Task description:
Starting with the line that has "Joshua tree in" in the records below and ending with the line that has "灵芝孢子粉吃了牙痛？三七能治疗头痛吗", output those lines exactly and nothing more; omit the pictures.
Top of Data supplied
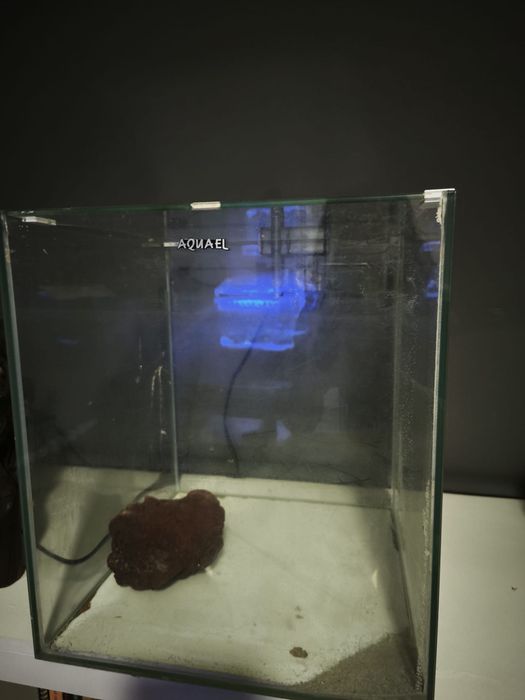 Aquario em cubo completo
Bottom of Data supplied
Top of Data supplied
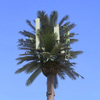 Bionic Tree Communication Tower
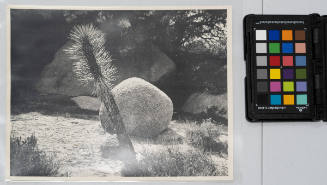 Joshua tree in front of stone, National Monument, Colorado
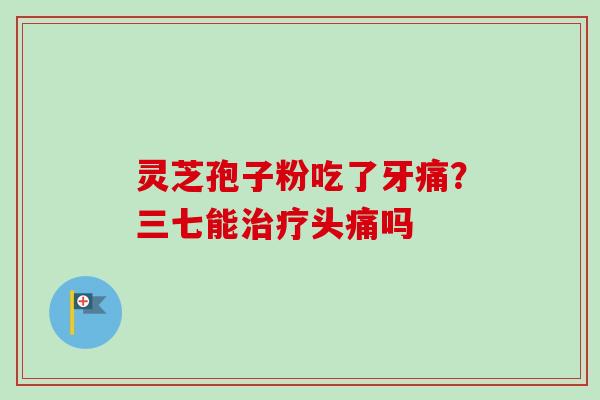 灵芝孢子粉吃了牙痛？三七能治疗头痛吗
Bottom of Data supplied
Top of Data supplied
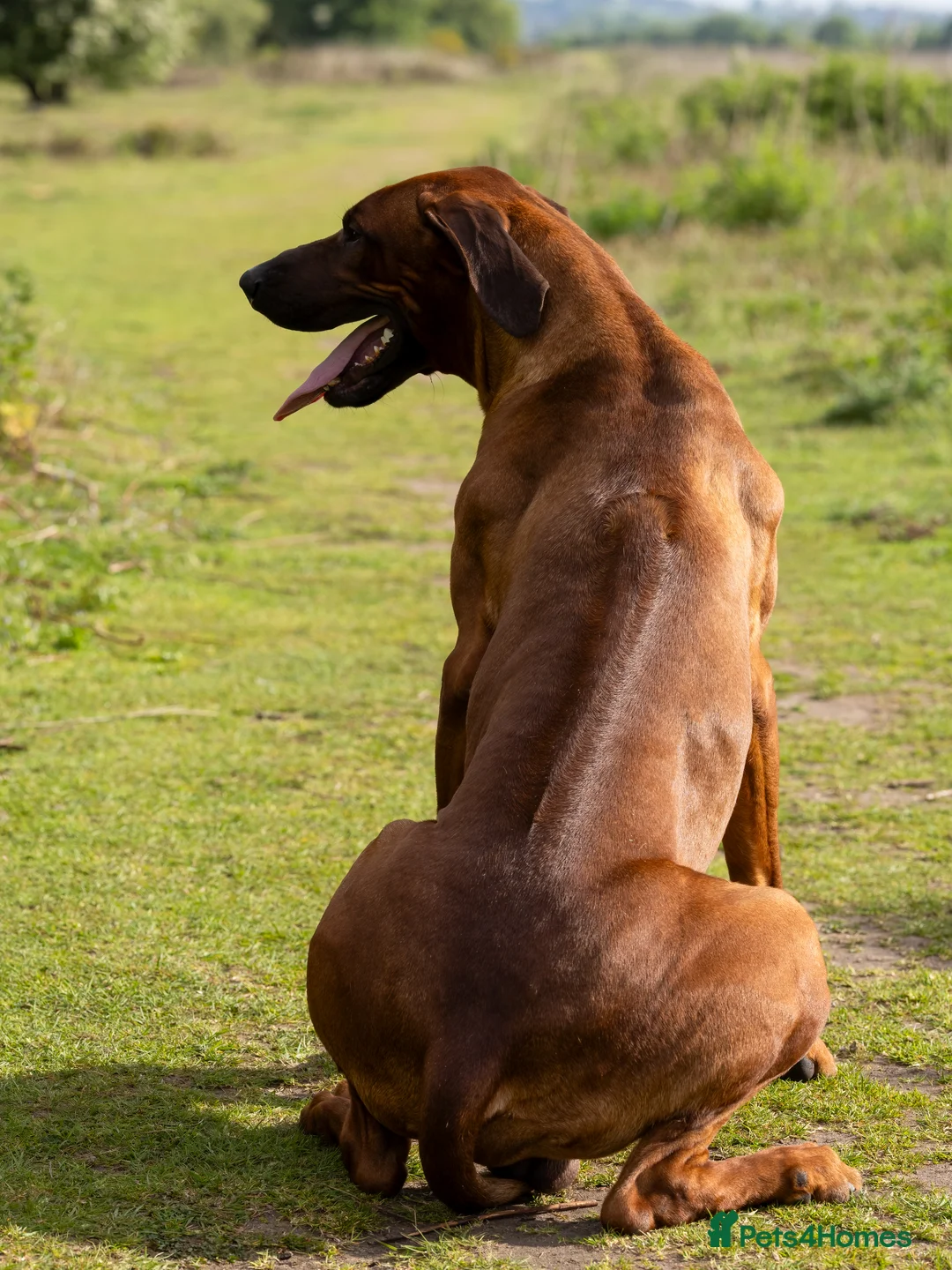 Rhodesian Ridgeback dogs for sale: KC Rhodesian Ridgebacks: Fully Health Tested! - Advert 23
Bottom of Data supplied
Answer space:
 Joshua tree in front of stone, National Monument, Colorado
 灵芝孢子粉吃了牙痛？三七能治疗头痛吗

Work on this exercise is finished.